Going forward, Steam Spy still collect user information, but the number of queried profiles decreased significantly - from 2M per 3 days to 60K, give or take. All of those 60K users are hardcore players that own a lot of games, so this particular data is still useful for X-Analysis or geography, but not so much for stats on owners or players.
This why I just blocked regular users from accessing sensitive data on Steam Spy. it's no longer correct and I expect most of them do not follow the latest developments. You as Patreon backers can still access it, of course.
I've been told by multiple people that even less precise Steam Spy is going to be useful as long as people using it understand the caveats. This why I'd like to try and keep the site working in some capacity.
I, of course, wrote an email to Valve with a possible privacy-conscious solution and pinged my friends there. The Steam team is, of course, ignoring me. Well, they have their annual corporate holidays on Hawaii until Monday, so that might be the reason. Anyway, I don't expect Valve to cooperate, they never do.
The second option is to use the massive bunch of data the site acquired to run machine learning based on the number of still accessible parameters.
I only started doing this today (had some fires in the last two days at my day job), but the results are promising. When games are divided into categories with lower precision, the algorithm was able to correctly identify the number of owners in almost 90% of cases. Unfortunately, the performance decreases as the games sales go up (an exact opposite of the previous version of Steam Spy), because I have less data on big games. But I've only run this algorithm on a small sample of 12,000 points (7MB) with no pre- or post-filtering.
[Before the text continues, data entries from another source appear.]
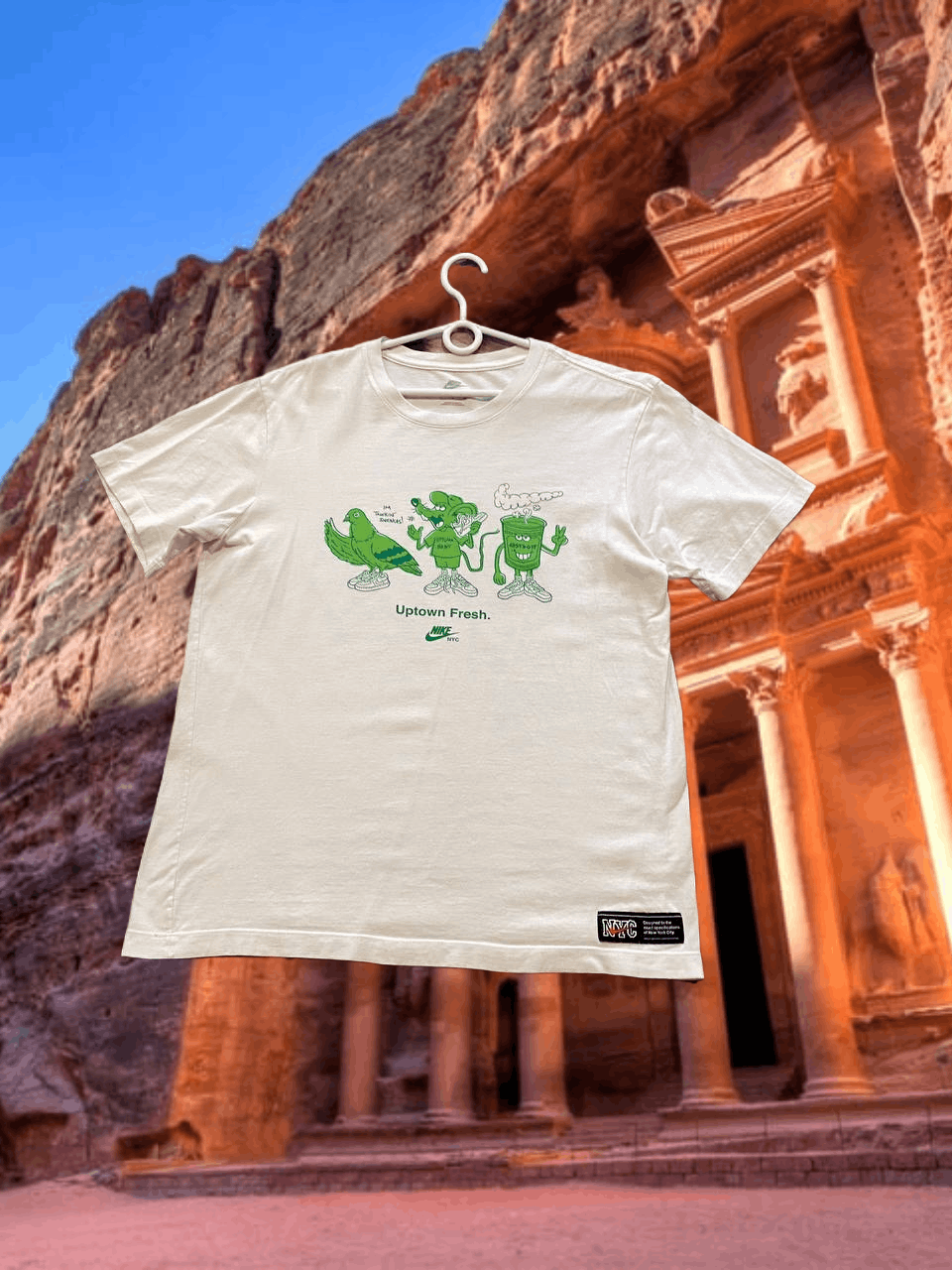 Nike Vintage white Nike T-Shirt Y2K big print made in Mexico Size US S / EU 44-46 / 1 - 1 Thumbnail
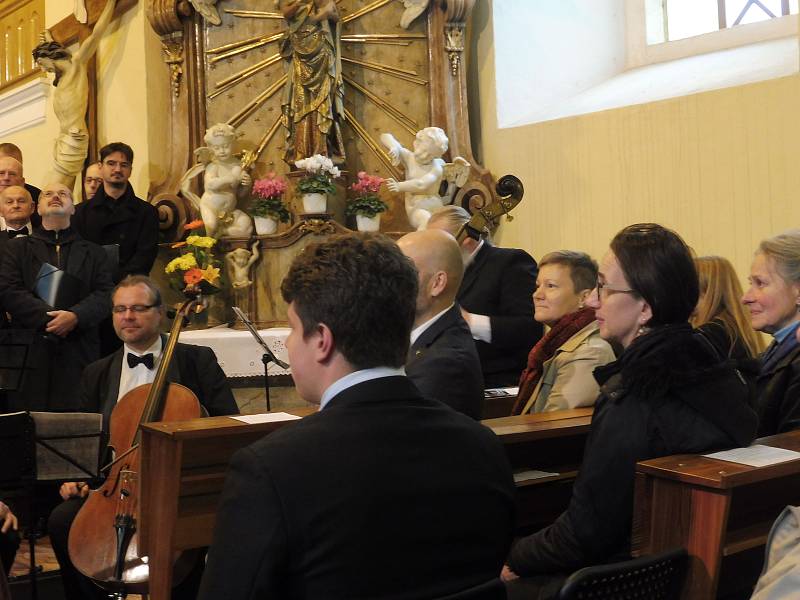 Nedožité 90. narozeniny režiséra Jaroslava Papouška, osobnosti spojené s obcí Čimelice, si připomněli místní i přespolní koncertem, promítáním a besedou s pamětníky.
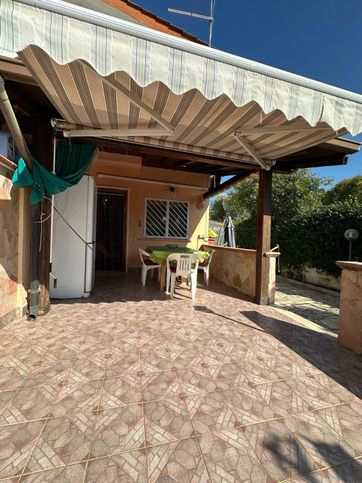 Appartamento in residenziale in Via Crati 25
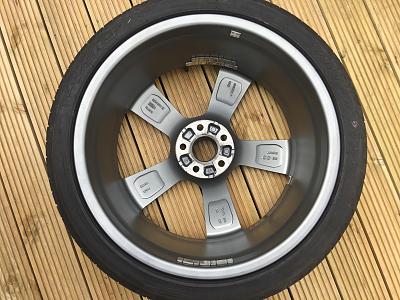 Genuine 20" Black Edition Wheel in perfect condition-img_0241.jpg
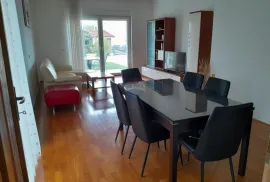 Istra,Valbandon,veliki stan u prizemlju sa terasama, Fažana, Appartment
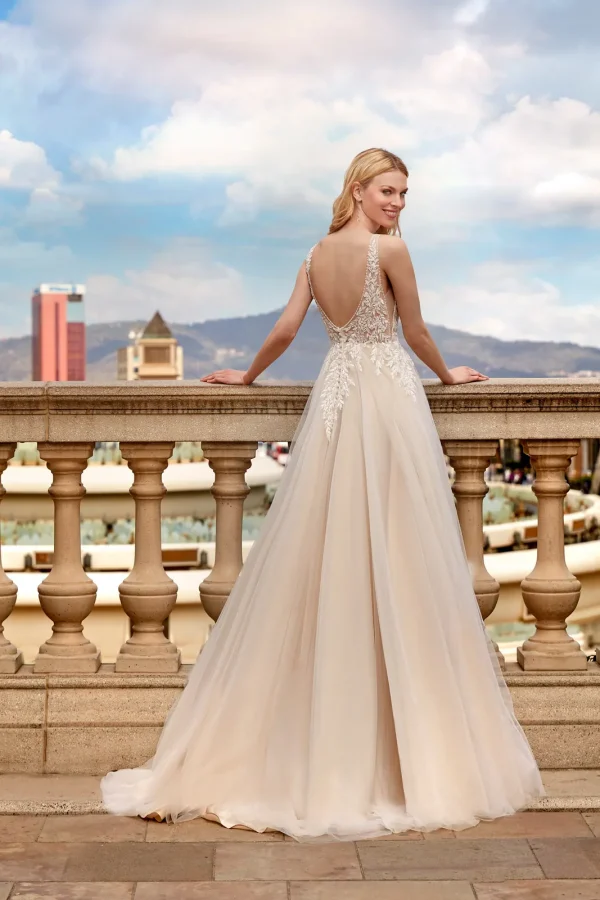 Dos nu en V et jupe en tulle d'une robe de mariée trapèze nude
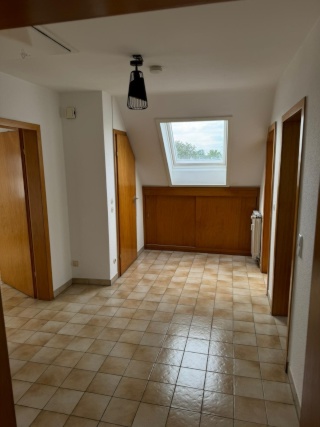 Anzeigenbild: 2 Zimmer Wohnung, Küche, Diele, Bad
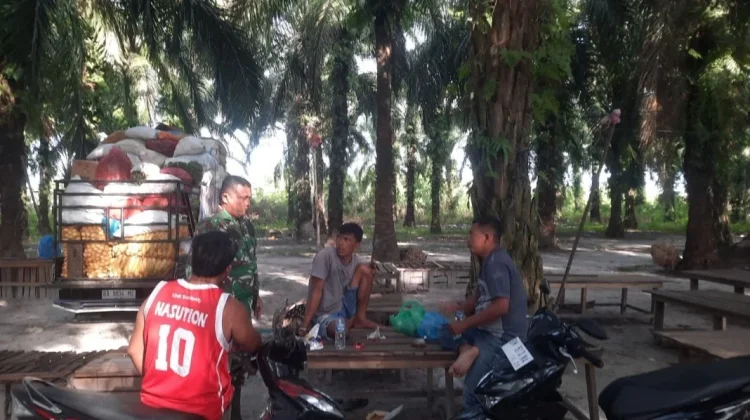 Babinsa Mandau Perkuat Wawasan Kebangsaan Warga Balai Makam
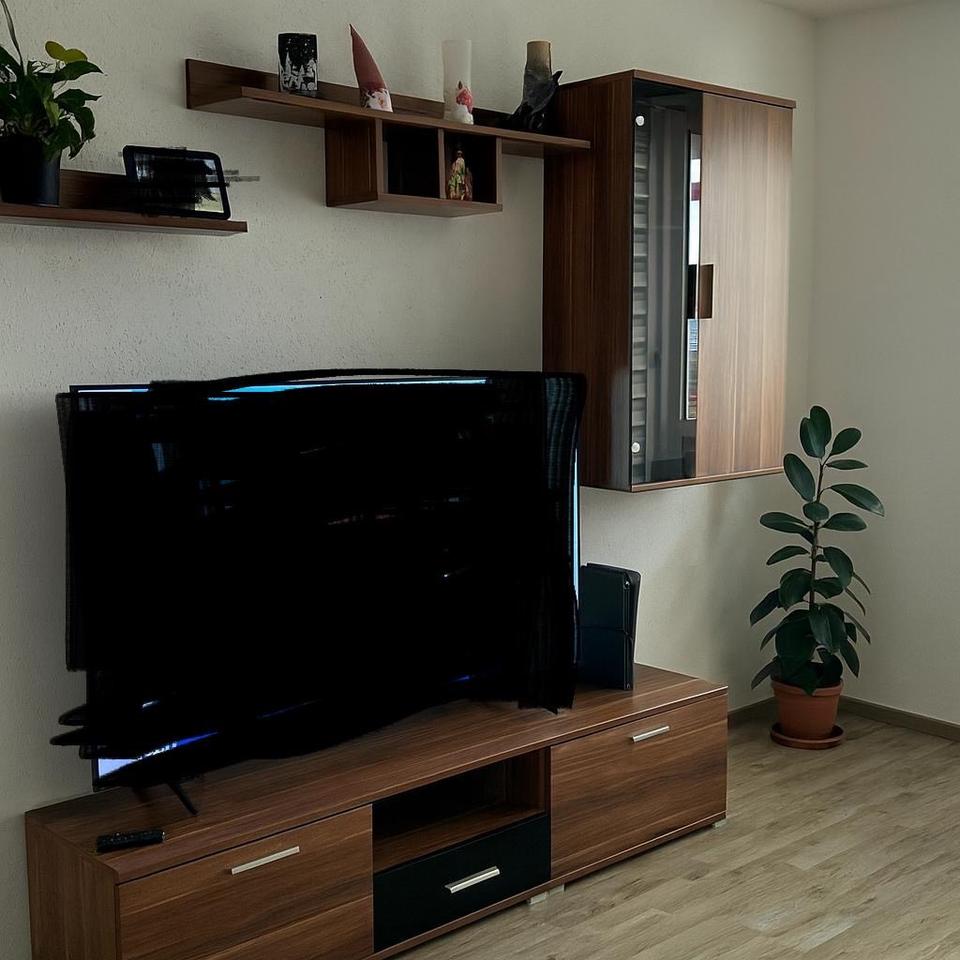 Thumbnail-Wohnung mit Einbauküche zu vermieten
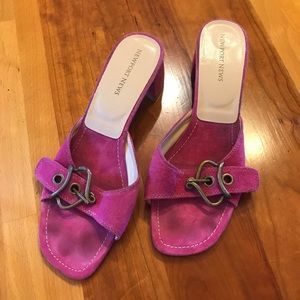 Pink suede big buckle heels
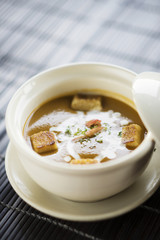 prawn soup with croutons and cream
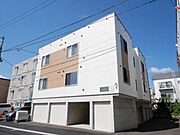 白石駅より徒歩11分 築14年9ヶ月 3階建の賃貸物件
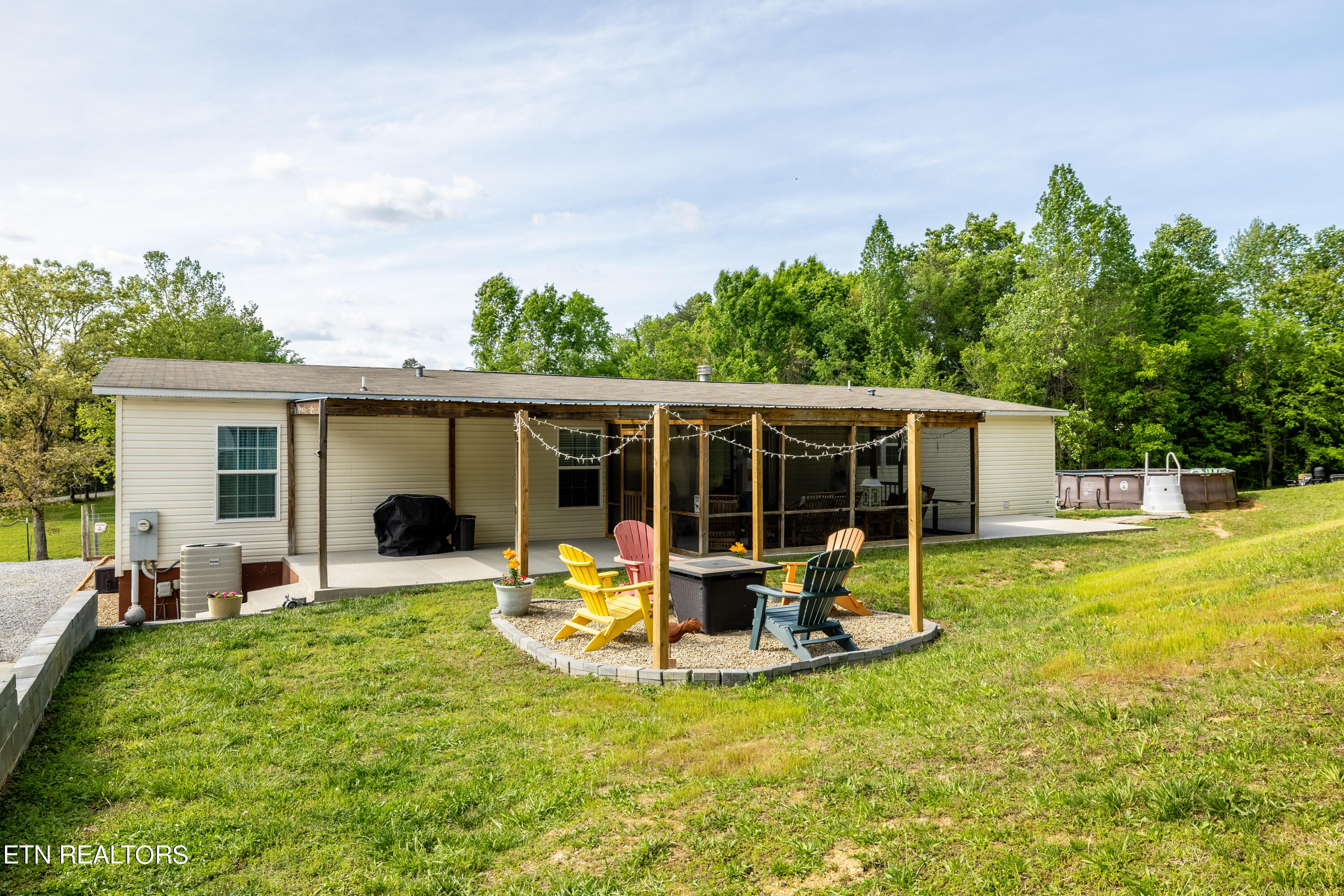 1614 Tom McCall Rd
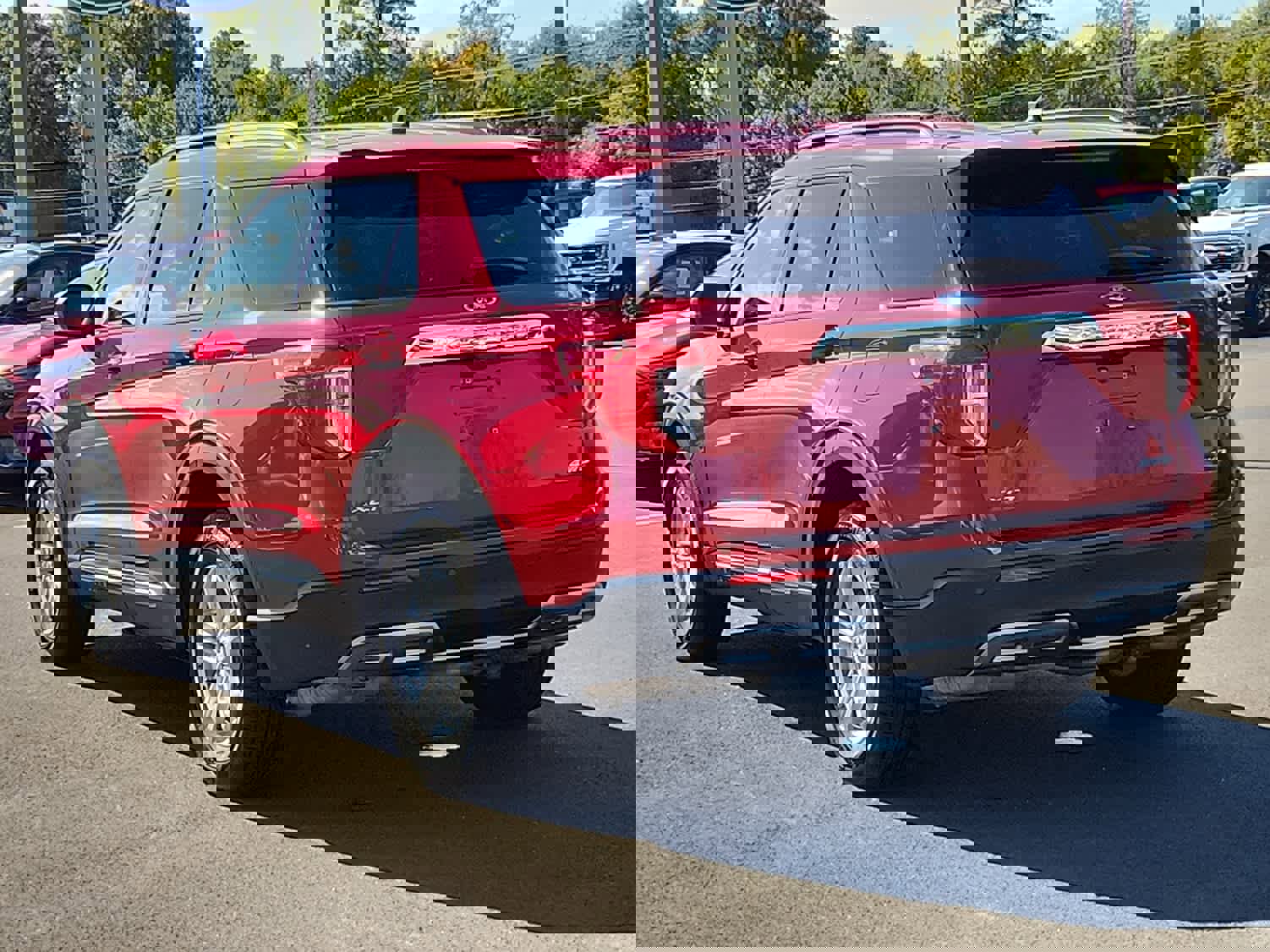 Used 2023 Ford Explorer XLT w/ Equipment Group 202A image 4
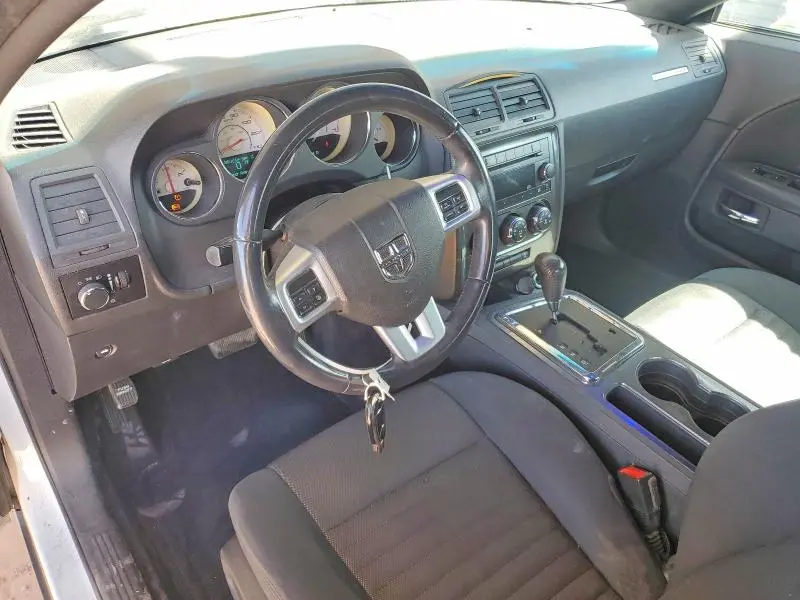 2013 DODGE CHALLENGER SXT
I can easily increase the sample to at least 1M data points to see if it will help with the accuracy at bigger numbers.
If I manage to get this algorithm to work with a tolerable accuracy, I'm planning to keep Steam Spy running. Some sensitive data will not be available to unregistered or even non-paying users then to prevent abuse by people with little understanding of statistics.
If I'm unhappy with the algorithm, I will most likely cancel this Patreon and keep Steam Spy as an archive.
Will be glad to hear your opinions and suggestions.